Description
Set roughly twenty years after the events of its predecessor, the film opens with Karl Berger, Jr., son of the previous film's antagonist, using a machete to kill the sole survivor of a drug deal gone wrong. The film then switches to Hamburg reporter Paul Glas, who is meeting with an informant known as "Mr. X" to discuss a series of recent murders Glas believes are connected to the killing spree Karl, Sr. went on two decades ago. After showing Glas top secret photographs of several victims, Mr. X tells the reporter everything the authorities know about the murders.

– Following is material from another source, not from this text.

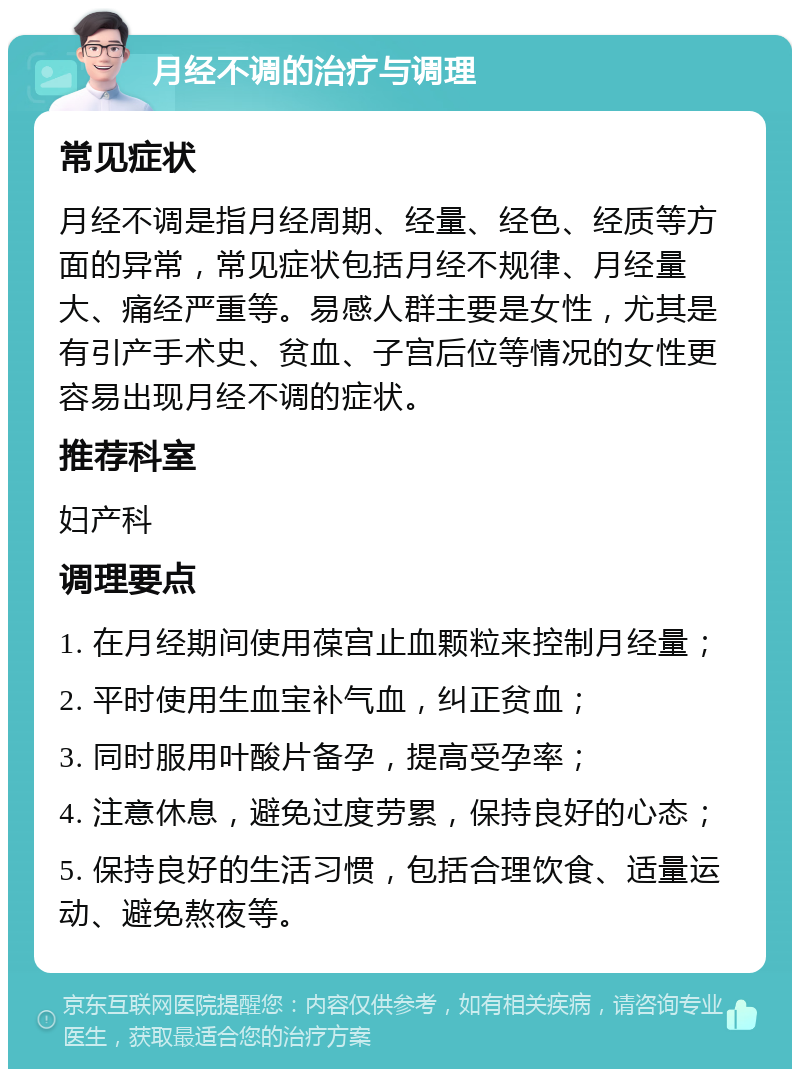 月经不调的治疗与调理 常见症状 月经不调是指月经周期、经量、经色、经质等方面的异常，常见症状包括月经不规律、月经量大、痛经严重等。易感人群主要是女性，尤其是有引产手术史、贫血、子宫后位等情况的女性更容易出现月经不调的症状。 推荐科室 妇产科 调理要点 1. 在月经期间使用葆宫止血颗粒来控制月经量； 2. 平时使用生血宝补气血，纠正贫血； 3. 同时服用叶酸片备孕，提高受孕率； 4. 注意休息，避免过度劳累，保持良好的心态； 5. 保持良好的生活习惯，包括合理饮食、适量运动、避免熬夜等。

Switching to two years ago, Karl, Jr. is shown being given a machete as a birthday present by his adoptive mother, a decrepit old woman and Karl, Sr.'s lover, who discovered and buried the original Karl's remains, and took in the son he gave birth to, intent on raising him to be the ultimate killing machine in order to avenge his father's death. Sent out to fulfill his destiny, Karl attacks a quintet of campers, killing two and taking the other three back home, where he mutilates and tortures them to death for the amusement of his mother, who drinks the victims' blood and allows her son to perform cunnilingus on her as a reward for his good work. Embarking on a homicidal rampage, and occasionally returning home to rest and be told perverted bedtime stories by his mother, Karl murders a pair of fishermen, a group of construction workers, a jogger, and a young couple. Karl's spree culminates in him breaking into a pornographic theatre, where he guns down the manager and over a dozen patrons. Upon returning home after this mass shooting, Karl discovers his mother has been decapitated, her severed head informing him "your father's back" before expiring.
In the present day, Mr. X tells Glas that the police eventually discovered the killer's cabin, which had an old woman's head and at least fifteen dismembered bodies in it. When asked by Glas if the man responsible was ever caught, Mr. X says no, and bids Glas goodbye, reminding him that he absolutely must not publish the pictures he had given him. Leaving shortly after Mr. X does, Glas rips up the photographs, deeming the story he has been told too twisted to tell the public.